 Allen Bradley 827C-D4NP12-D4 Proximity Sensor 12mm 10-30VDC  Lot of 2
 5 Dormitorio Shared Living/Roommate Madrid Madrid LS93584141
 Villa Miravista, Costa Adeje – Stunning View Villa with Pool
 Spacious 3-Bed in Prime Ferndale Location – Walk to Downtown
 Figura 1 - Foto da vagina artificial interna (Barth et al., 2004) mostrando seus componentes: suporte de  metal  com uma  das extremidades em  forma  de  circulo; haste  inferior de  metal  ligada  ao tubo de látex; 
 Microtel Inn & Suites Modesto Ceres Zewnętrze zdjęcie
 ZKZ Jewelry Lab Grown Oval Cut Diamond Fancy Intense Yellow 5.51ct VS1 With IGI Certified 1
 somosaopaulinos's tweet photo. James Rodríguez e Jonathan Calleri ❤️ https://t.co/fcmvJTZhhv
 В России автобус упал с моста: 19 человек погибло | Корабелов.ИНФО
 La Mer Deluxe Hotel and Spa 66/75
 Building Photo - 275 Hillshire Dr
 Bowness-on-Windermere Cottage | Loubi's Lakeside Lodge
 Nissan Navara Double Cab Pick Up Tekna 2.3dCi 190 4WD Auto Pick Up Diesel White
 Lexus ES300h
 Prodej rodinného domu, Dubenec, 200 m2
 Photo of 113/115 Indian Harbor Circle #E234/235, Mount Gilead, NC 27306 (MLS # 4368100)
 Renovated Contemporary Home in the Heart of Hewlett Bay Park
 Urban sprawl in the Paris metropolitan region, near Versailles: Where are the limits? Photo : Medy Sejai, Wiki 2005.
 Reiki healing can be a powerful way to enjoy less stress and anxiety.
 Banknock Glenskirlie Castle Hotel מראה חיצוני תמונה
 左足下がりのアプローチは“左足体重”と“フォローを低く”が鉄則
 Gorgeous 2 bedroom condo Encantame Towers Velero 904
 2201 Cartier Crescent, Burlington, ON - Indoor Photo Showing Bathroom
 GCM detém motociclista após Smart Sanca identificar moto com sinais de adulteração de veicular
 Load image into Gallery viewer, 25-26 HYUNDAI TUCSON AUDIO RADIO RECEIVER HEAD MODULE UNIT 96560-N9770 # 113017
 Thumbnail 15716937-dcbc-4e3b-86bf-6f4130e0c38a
#####
◆ Task to complete ◆
Show the lines where the word "Hotel" appears in the entries.

◆ Answer section ◆
 La Mer Deluxe Hotel and Spa 66/75
 Banknock Glenskirlie Castle Hotel מראה חיצוני תמונה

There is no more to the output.